ABOUT THIS EXERCISE:
Print, in exact form, the lines below from the one containing "Metallic Calfskin Embossed Hobo Gold" through the one containing "Made In Cookware", and omit all others.

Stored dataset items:
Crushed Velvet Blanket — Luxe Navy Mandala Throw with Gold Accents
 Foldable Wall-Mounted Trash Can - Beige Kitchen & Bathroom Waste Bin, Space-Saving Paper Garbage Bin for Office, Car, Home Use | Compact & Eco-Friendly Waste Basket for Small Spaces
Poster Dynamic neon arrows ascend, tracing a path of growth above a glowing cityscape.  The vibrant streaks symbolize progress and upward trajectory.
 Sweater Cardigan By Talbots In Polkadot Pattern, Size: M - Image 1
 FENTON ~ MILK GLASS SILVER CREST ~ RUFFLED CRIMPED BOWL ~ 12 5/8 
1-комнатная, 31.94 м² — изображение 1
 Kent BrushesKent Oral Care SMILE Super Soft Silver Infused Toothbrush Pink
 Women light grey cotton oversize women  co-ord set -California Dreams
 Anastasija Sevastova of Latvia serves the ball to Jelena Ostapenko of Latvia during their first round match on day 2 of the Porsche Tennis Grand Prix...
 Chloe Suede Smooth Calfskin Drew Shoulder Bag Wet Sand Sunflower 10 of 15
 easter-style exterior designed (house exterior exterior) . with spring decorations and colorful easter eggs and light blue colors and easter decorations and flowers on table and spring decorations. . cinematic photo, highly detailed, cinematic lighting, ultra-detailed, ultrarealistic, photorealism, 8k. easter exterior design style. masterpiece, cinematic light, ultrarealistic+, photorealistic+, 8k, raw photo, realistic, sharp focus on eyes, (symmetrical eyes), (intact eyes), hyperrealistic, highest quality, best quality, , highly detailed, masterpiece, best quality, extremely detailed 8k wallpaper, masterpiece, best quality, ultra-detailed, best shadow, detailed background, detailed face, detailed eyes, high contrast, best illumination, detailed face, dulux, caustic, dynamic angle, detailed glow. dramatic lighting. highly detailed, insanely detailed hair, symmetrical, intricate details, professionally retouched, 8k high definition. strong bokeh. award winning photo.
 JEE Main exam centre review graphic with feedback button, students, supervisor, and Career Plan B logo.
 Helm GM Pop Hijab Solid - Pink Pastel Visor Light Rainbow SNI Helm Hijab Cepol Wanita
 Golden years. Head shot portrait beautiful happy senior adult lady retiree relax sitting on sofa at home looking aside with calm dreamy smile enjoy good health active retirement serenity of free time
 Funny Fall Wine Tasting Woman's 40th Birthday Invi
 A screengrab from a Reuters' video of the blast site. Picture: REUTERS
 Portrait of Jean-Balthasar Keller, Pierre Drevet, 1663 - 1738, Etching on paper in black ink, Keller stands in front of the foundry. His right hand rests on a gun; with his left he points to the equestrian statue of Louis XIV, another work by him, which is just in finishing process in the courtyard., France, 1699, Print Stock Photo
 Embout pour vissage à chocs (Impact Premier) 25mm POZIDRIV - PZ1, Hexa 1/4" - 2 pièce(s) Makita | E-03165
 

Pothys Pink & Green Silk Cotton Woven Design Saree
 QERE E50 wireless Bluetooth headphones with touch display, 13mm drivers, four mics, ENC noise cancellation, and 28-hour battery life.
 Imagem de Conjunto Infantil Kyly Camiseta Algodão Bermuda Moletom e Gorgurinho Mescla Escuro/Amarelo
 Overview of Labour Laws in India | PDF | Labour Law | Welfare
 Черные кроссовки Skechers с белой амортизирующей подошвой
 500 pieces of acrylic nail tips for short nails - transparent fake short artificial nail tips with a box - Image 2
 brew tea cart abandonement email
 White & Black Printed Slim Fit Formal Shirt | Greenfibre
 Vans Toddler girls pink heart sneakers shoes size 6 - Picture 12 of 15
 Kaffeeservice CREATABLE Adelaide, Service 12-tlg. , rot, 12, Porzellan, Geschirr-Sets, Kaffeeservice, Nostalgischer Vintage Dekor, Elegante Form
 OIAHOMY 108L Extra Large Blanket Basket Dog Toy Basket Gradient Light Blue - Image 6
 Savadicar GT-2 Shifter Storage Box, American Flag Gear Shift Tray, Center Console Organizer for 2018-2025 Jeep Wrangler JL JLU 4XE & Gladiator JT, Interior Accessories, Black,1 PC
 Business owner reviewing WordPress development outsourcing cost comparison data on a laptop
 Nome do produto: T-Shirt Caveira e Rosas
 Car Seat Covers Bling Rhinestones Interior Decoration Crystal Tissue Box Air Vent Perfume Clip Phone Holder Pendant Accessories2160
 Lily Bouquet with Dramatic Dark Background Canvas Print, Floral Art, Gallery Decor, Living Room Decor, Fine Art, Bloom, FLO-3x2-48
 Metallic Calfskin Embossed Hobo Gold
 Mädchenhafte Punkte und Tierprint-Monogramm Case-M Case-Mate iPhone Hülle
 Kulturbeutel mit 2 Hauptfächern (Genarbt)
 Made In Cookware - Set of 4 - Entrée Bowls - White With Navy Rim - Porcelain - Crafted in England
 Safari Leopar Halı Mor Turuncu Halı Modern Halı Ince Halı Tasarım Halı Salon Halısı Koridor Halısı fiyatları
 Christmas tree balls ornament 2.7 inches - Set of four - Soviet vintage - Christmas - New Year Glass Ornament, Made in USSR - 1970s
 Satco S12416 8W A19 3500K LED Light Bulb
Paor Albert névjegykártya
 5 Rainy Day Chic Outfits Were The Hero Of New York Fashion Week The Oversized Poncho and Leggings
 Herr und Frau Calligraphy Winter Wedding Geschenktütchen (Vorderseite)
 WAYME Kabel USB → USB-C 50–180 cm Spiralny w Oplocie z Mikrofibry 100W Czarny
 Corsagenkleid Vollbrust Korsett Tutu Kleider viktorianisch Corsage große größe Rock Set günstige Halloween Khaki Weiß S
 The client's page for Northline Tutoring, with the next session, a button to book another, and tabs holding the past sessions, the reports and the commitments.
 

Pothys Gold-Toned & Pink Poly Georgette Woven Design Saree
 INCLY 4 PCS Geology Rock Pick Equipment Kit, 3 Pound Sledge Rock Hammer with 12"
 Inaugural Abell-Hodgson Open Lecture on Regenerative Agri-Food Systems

RESPONSE FOR THIS EXERCISE:
 Metallic Calfskin Embossed Hobo Gold
 Mädchenhafte Punkte und Tierprint-Monogramm Case-M Case-Mate iPhone Hülle
 Kulturbeutel mit 2 Hauptfächern (Genarbt)
 Made In Cookware - Set of 4 - Entrée Bowls - White With Navy Rim - Porcelain - Crafted in England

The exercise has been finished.